Member of Parliament for Gampaha District
- In office 1994–2000

Personal details
- Born: Kalupathirannehage Don Upali Gunaratne 10 March 1954 (age 72)
- Party: Sri Lanka Freedom Party
- Children: 2
- Alma mater: S. Thomas' College, Gurutalawa

= Upali Gunaratne =

Sri Lankan politician (born 1954)

Kalupathirannehage Don Upali Gunaratne (born 10 March 1954) is a Sri Lankan politician and the chief organiser of the Sri Lanka Freedom Party in the Dompe electorate. He is a senior councilman on the Western Province Council and was a member of Parliament.

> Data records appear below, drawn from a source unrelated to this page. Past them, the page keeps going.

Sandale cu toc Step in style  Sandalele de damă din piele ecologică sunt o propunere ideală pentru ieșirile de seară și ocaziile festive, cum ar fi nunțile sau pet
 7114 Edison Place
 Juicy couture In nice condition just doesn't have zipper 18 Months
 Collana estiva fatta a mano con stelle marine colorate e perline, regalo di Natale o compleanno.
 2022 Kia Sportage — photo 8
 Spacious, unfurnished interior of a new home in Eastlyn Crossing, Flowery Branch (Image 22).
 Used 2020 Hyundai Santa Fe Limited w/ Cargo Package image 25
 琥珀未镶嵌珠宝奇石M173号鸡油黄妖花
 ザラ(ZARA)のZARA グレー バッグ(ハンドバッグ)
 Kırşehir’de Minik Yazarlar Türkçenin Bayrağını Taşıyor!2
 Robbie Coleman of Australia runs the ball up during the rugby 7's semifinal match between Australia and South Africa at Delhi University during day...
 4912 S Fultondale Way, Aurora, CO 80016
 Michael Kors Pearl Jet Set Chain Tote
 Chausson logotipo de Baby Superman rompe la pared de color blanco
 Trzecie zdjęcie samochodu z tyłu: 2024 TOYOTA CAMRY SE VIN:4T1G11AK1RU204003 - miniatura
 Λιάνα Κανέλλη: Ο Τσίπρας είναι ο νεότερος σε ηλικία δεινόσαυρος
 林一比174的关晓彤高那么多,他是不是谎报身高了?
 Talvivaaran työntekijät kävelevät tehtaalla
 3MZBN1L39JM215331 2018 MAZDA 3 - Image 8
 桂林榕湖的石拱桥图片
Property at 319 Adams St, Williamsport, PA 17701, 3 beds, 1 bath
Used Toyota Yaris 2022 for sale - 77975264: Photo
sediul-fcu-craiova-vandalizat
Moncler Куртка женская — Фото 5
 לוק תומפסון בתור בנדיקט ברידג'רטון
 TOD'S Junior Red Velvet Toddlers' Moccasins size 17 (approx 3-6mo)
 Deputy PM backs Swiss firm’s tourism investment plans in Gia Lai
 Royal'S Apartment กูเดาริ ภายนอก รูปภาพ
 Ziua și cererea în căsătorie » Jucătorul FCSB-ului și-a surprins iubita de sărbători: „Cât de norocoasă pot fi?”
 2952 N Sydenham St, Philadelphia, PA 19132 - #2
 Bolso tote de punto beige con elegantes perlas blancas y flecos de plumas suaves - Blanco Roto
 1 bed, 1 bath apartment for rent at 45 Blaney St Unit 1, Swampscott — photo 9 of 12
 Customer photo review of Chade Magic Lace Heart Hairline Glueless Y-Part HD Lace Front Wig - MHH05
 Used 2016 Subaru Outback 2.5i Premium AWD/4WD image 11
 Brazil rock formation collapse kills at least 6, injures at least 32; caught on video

In 1985, Gunaratne became one of the youngest members of the Sri Lanka Freedom Party’s Executive Committee under the patronage of Prime Minister Sirimavo Bandaranaike. At the 10th parliamentary election, held on 16 August 1994, he was elected as a Member of Parliament from Gampaha District. Gunaratne polled 55,328 votes (6.17% of the total vote). He was elected to Western Province Council in March 2009, and was a Senior Councilor representing Gampaha District. (in office 2009-2020)

Gunaratne served as chairman of the Sri Lanka Rupavahini Corporation, chairman of the Co-operative Wholesale Establishment and chairman of the National Savings Bank.

He is an old boy from S. Thomas’ College, Gurutalawa.